Hubject & Smartlab join forces for Plug&Charge eRoaming
Hubject and the European platform e-clearing.net, initiated by Smartlab and the foundation ElaadNL, are cooperating with immediate effect to spread the Plug&Charge technology. The aim is to make “seamless charging” available to all Hubject, Smartlab and e-clearing.net partners.
Hubject and Smartlab are united by the business model of creating services and products around electric mobility for energy providers and companies in Germany. Smartlab’s successes include Ladenetz.de, a public charging network with more than 10,000 charging points, and e-clearing.net, the largest eRoaming platform alongside Hubject and its Intercharge network.
Through their cooperation, the players now want to accelerate the introduction of Plug&Charge. This is known to be an automatic authentication and charging authorisation based on the ISO 15118 standard. Plug&Charge is supposed to make RFID cards and mobile apps superfluous by having the vehicle communicate directly with the charging station.
Smartlab wants to offer Plug&Charge to several hundred municipal utilities in Germany as part of the cooperation.
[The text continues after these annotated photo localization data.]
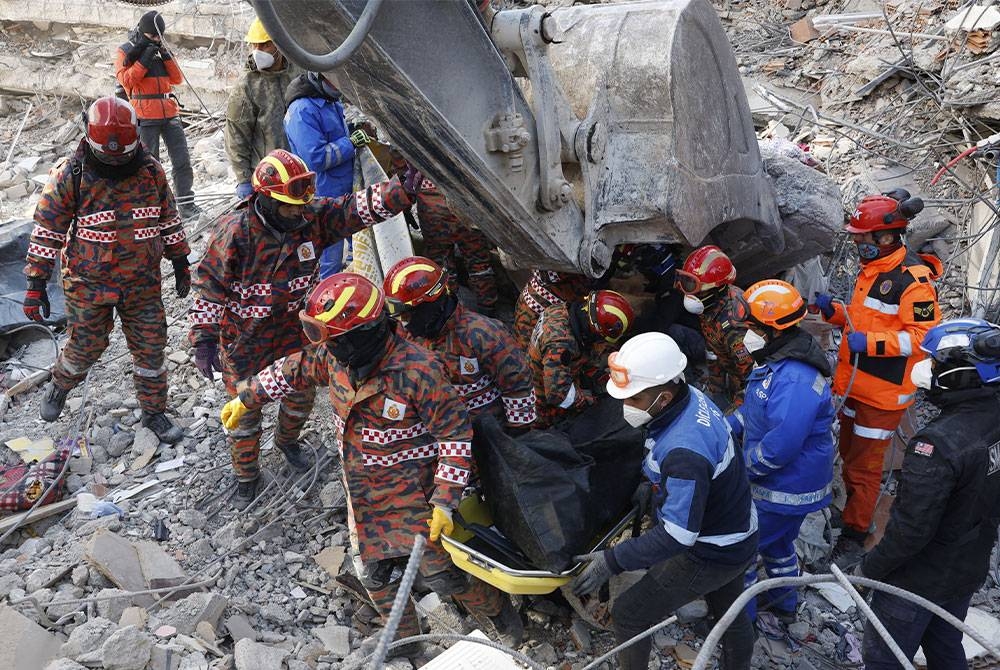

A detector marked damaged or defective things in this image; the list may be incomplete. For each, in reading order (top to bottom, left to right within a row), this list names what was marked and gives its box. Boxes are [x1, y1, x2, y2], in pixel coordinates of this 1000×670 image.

broken concrete slab [162, 592, 229, 636]
broken concrete slab [0, 608, 61, 670]
broken concrete slab [235, 640, 292, 670] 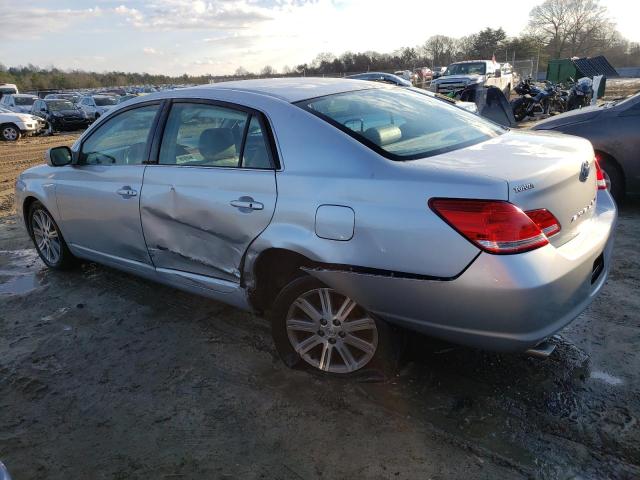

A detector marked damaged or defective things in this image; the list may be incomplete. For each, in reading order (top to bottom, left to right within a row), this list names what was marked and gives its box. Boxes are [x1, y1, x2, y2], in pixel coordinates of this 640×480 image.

damaged rear door [141, 101, 276, 286]
wrecked car in background [15, 79, 616, 376]
wrecked car in background [532, 91, 636, 203]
Against this background, the municipal utilities will be able to issue secure charging certificates together with Smartlab in the future – so-called sub or Leaf certificates. “For the implementation, we are creating a new special municipal utility and ladebusiness product so that the energy supplier and ladebusiness contract is transferred to the car and the driver can authenticate himself directly,” Smartlab Managing Director Mark Walcher elaborates.
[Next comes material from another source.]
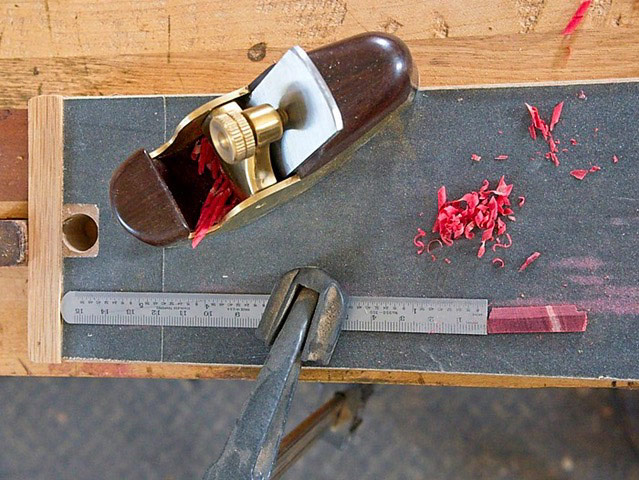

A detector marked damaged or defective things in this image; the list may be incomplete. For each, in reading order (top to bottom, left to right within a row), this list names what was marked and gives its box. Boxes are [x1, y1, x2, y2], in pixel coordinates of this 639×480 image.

rusty metal clamp [204, 266, 344, 480]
Smartlab Innovationsgesellschaft, based in Aachen, operates the Ladenetz.de network, through which mainly municipal utilities offer their public charging points, as well as the Ladenetz.de Business-Partner network, in which companies offer their own employee or customer charging points as public charging points at certain times in their car parks.
In addition, there is the European initiative e-clearing.net by Smartlab and the ElaadNL foundation, which sees itself as an open B2B platform and enables cross-border interoperability in charging. Connected market partners benefit, among other things, from cross-network access to the entire charging infrastructure. The free protocols OCHP (Open Clearing House Protocol) and OCPI (Open Charge Point Interface Protocol) are used. Since August 2020, the platform’s activities have been coordinated by the newly founded e-clearing.net GmbH.
Hubject, meanwhile, says it has established a global cross-supplier charging network with more than 300,000 connected charging points and more than 960 B2B partners in 52 countries on four continents. Just a few weeks ago, the Berlin-based company renewed its roaming deal with Plugsurfing. Hubject was founded in 2012 and is a joint venture of BMW Group, Bosch, Mercedes-Benz, EnBW, Enel X, Innogy, Siemens and the Volkswagen Group.
“Together with Smartlab and the e-clearing.net platform, we are committed to making Plug&Charge accessible everywhere in Europe, and we believe this partnership will help us take seamless electric vehicle charging to a new level,” expresses Christian Hahn, CEO of Hubject. The Berlin-based company is already involved in several projects to test and implement Plug&Charge – for example in cooperation with Electrify America, with BayWa Mobility Solutions and very recently with Aral.
What Plug&Charge technology still needs to achieve a breakthrough is a large number of Plug&Charge-compatible cars.